WASHINGTON - Sen. Charles Schumer, D-N.Y., yesterday added his voice to those pushing the Securities and Exchange Commission to allow state and local governments and nonprofit organizations to buy back their auction-rate securities without running afoul of the securities laws and triggering SEC enforcement action.

In a one-page letter sent to Erik Sirri, director of the SEC's division of trading and markets, Schumer noted that the SEC has received letters urging it to allow issuers to take this action on a temporary and limited basis to prevent their auctions from failing and resulting in higher interest costs.

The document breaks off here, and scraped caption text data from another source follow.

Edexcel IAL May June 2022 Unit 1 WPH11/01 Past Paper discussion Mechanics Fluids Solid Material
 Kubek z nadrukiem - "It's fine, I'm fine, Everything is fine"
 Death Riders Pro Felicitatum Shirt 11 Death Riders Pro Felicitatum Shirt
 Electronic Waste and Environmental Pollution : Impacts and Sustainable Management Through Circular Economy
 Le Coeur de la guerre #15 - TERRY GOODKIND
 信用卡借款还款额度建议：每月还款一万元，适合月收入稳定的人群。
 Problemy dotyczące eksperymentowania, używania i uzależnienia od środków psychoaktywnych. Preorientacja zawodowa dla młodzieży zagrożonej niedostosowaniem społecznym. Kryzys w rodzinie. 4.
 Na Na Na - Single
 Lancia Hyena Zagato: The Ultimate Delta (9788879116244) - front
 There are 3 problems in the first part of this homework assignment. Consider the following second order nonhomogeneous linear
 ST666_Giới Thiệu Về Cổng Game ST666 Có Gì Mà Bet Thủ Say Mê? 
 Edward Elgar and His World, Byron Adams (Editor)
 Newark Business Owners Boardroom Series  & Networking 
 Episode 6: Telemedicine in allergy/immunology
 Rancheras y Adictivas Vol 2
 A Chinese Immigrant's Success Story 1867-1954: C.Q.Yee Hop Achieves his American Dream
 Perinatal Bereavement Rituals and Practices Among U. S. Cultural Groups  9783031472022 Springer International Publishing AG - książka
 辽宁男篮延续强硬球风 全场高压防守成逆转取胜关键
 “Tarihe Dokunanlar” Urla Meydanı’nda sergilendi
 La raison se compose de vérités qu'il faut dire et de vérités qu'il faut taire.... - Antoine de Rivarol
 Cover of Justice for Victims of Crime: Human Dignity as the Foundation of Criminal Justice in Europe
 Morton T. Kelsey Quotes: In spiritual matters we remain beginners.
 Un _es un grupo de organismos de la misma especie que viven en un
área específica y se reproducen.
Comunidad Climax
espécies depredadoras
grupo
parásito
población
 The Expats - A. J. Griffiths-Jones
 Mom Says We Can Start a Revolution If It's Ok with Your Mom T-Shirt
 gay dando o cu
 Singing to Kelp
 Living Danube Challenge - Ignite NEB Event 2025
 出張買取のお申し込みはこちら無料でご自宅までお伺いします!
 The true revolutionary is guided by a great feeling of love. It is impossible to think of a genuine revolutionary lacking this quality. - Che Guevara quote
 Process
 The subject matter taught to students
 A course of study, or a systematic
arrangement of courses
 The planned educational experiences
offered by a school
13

"In my opinion, these requests seem highly reasonable and desirable to help ease the severe dislocations currently being experienced in the ARS market," the lawmaker, a member of the Senate Banking Committee, told Sirri, adding: "I would like to know what actions you are currently considering to address the failures in the ARS market...how you intend to respond to the...letters you received, and if you do not intend to adopt the suggestions made in those letters, your basis for so doing."

In a release, Schumer indicated that Long Island's Nassau County is waiting to hear from the SEC before proceeding with selling more than $700 million of revenue anticipation notes to buy back auction-rate securities issued by the Nassau County Interim Finance Authority, to spare taxpayers from $1.5 million per week in "unnecessary financing costs." The authority's auctions of the securities failed, causing their interest rates to jump to 15% from 3% to 4%, he said.

Schumer's action comes after Securities Industry and Financial Markets Association, a group of 14 hospitals in Massachusetts and California, and leaders of the House Financial Services Committee have all sent letters to the SEC urging it to issue guidance that will allow issuers to buy back their auction-rate securities.